Sex and the City, Six Feet Under, Muse’s “Hysteria” music video… Oh, yeah, that’s true. I was actually completely naked in Six Feet Under. That was completely terrifying. Actually, the only reason I did that music video was because it was right after Charlie’s Angels and I was already primed for it. I worked really hard for Charlie’s Angels. It was one of those situations where someone else was paying for the trainer and the diet, so it was kind of the way Oprah does it. I’ll never do that again, and I’ll never be in that great of shape again.
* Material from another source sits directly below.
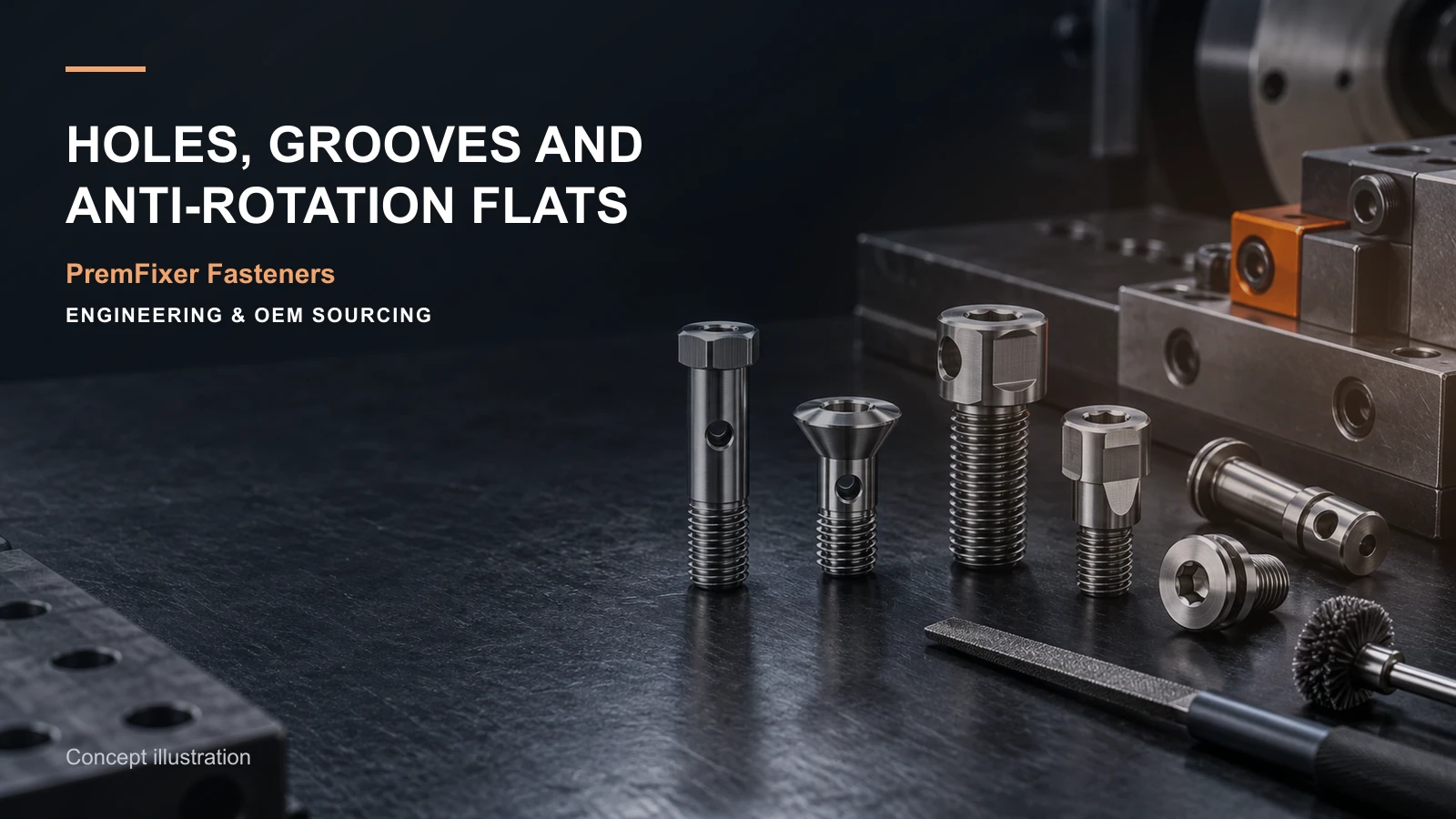 Precision bicycle pivot axle with cross hole, retaining groove, slot and anti-rotation flats shown in a CNC process setup.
I wouldn’t do the same video today.
Hopefully you reaped the benefits of that bod in your personal life. I had a girlfriend, so I was all set. She got to enjoy an upward fluctuation in our relationship.
Did you know you recently lost out on the title of PETA’s “sexiest vegetarian” to The Tonight Show’s bandleader, Kevin Eubanks? I did? Fucking Eubanks! Wait, who is Kevin Eubanks? That’s crazy. Just tell him to wait till next year.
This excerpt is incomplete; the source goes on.